++++ GIVEN RECORDS

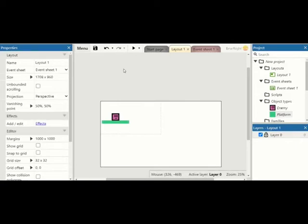Welcome to another Construct video. In this video I want to show you how you can get an enemy to move backwards and forward on a ledge without ever falling off that ledge. So let's get started.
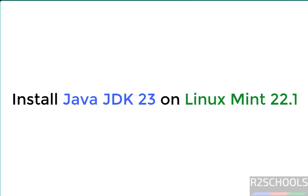Hello guys, in this video we will see how to install Java JDK 23 on Linux Mint 22.1. Then we will see how to configure the Java environment variable, then we will compile and execute a sample Java program.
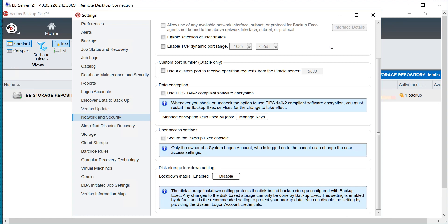It is basically enabled by default. What that means is only Backup Exec has access to that storage to write — essentially write-once, read-many. So if an attacker is trying to come from outside and change that data or get inside that repository, they won't be able to do that. This ensures your data is protected from ransomware-type attacks. This functionality has been available since version 20.4, and we are currently on version 20.5 of Backup Exec.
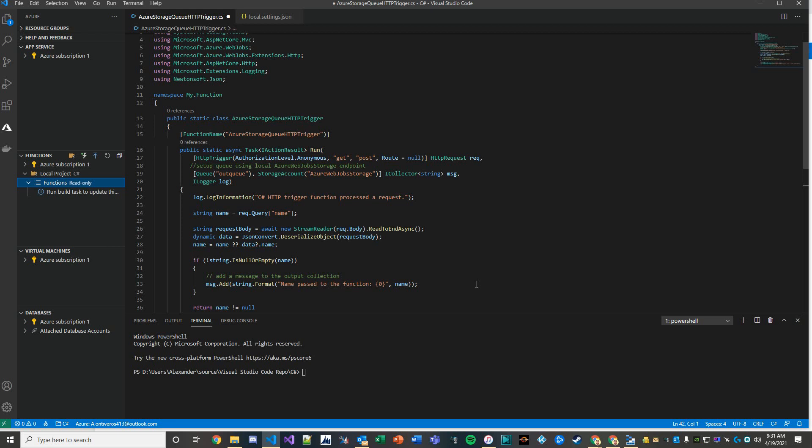Thank you for watching Power App Solutions in Minutes. In this video we're going to take an Azure function that we deployed to Azure in our second lesson on Azure functions. Now in this third lesson we're going to connect to Azure storage or web job storage.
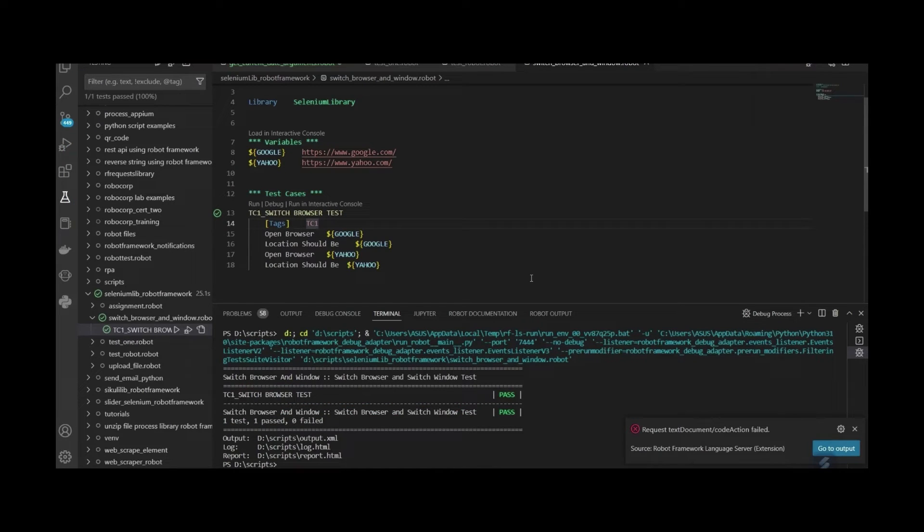So far, our example works fine. Let's continue the script.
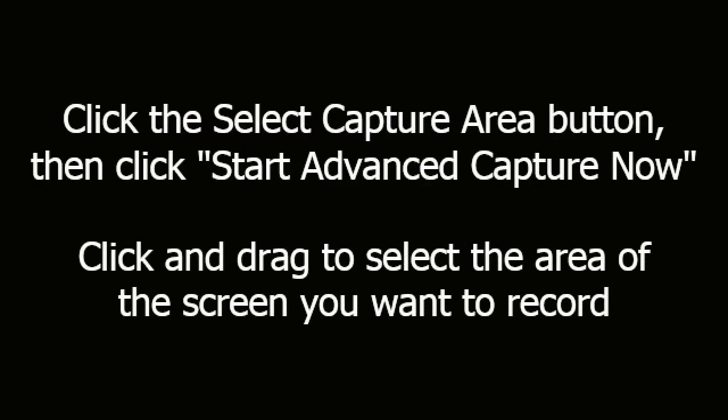Click the Select Capture Area button, then click Start Advanced Capture Now. Click and drag to select the area of the screen you want to record.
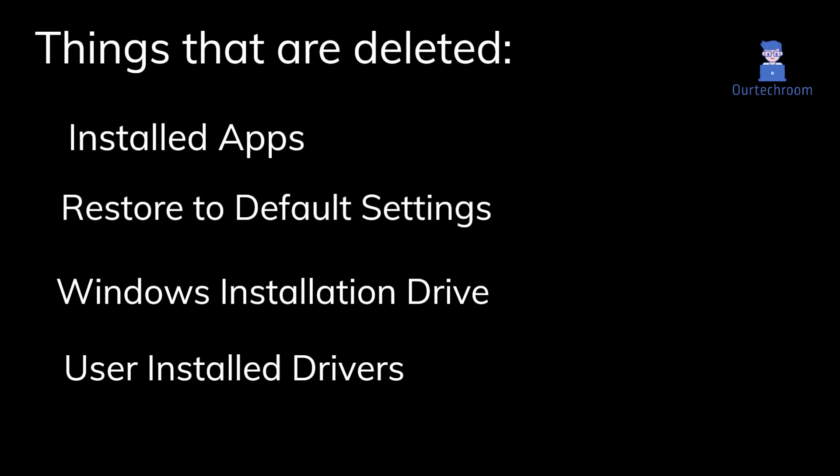That may include desktop background, wallpaper, and many other personal preferences. Three, also it will clean everything that comes with Windows in the system drive and keep the new Windows files.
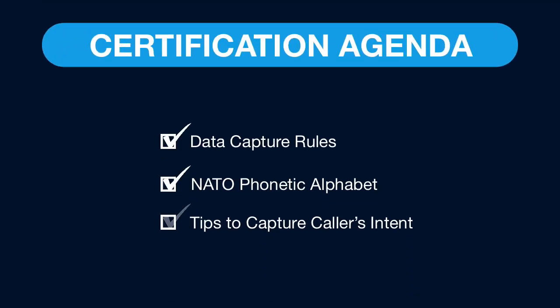This concludes the general data capture module. Now take a short quiz to make sure you have a thorough understanding of these concepts before moving on.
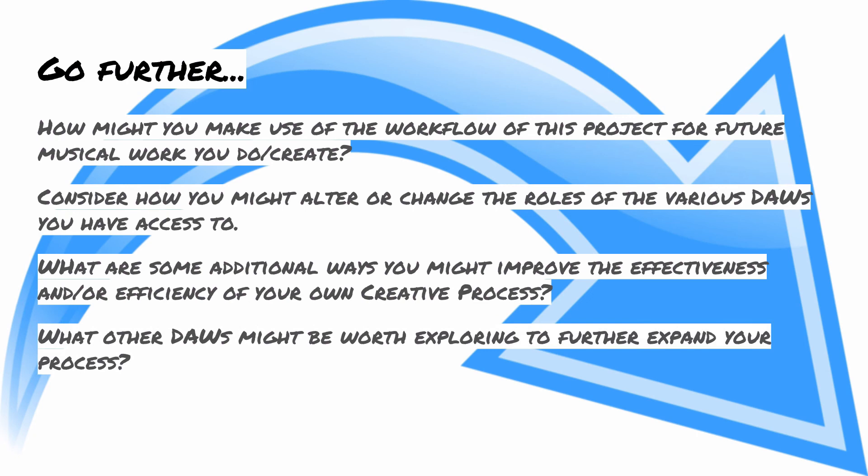And then back to what we talked about at the beginning, how there are so many other DAWs beyond the scope of this project. What else might you consider exploring and why might those be helpful other than just, oh, yeah, I also have this other piece of software I could use? Take a look at what else there might be out there and see how they relate to your goals and your process and what you can do with them.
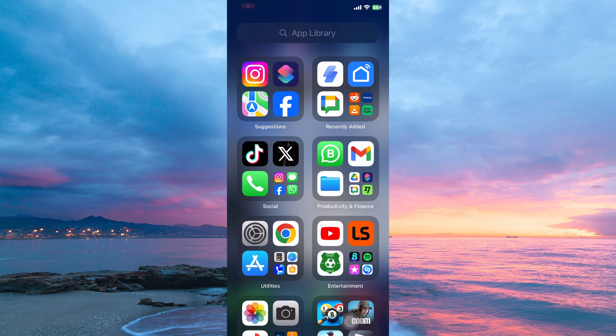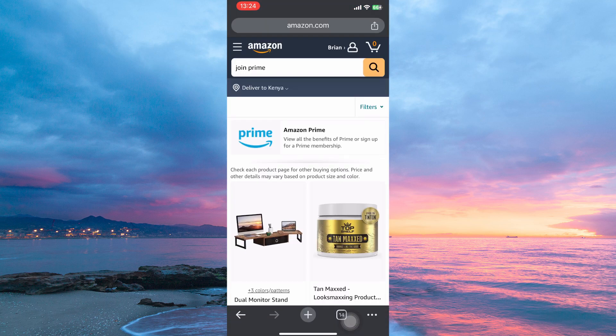To subscribe to Amazon Prime on iPhone, you have to use your browser. You can't use the Prime app to do this. So just open a browser of your choice.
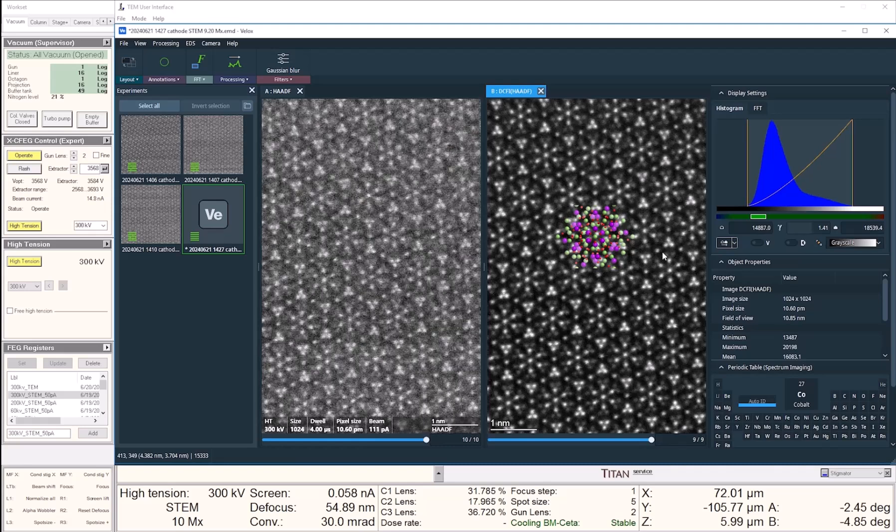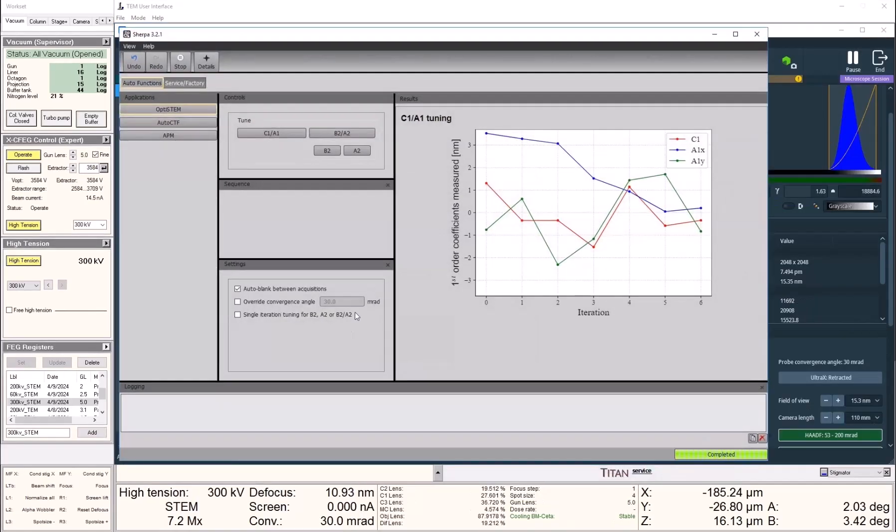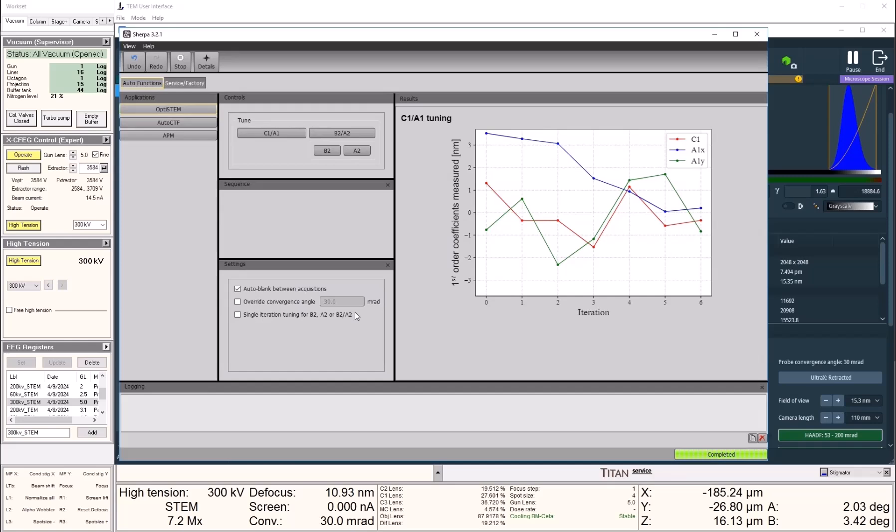But this is not everything that OptiStamp can do. For more advanced users, OptiStamp also lives in our automated function platform Sherpa, and here it's even more powerful because it can also correct for second-order aberrations, namely B2 and A2, the 3-fold astigmatism.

++++++++

- ASSIGNED TASK:
Above are some records. Reproduce the lines from the one with "Thank you for" down to the one with "Click the Select", keeping both, and leave every picture out.

- YOUR RESPONSE:
Thank you for watching Power App Solutions in Minutes. In this video we're going to take an Azure function that we deployed to Azure in our second lesson on Azure functions. Now in this third lesson we're going to connect to Azure storage or web job storage.
So far, our example works fine. Let's continue the script.
Click the Select Capture Area button, then click Start Advanced Capture Now. Click and drag to select the area of the screen you want to record.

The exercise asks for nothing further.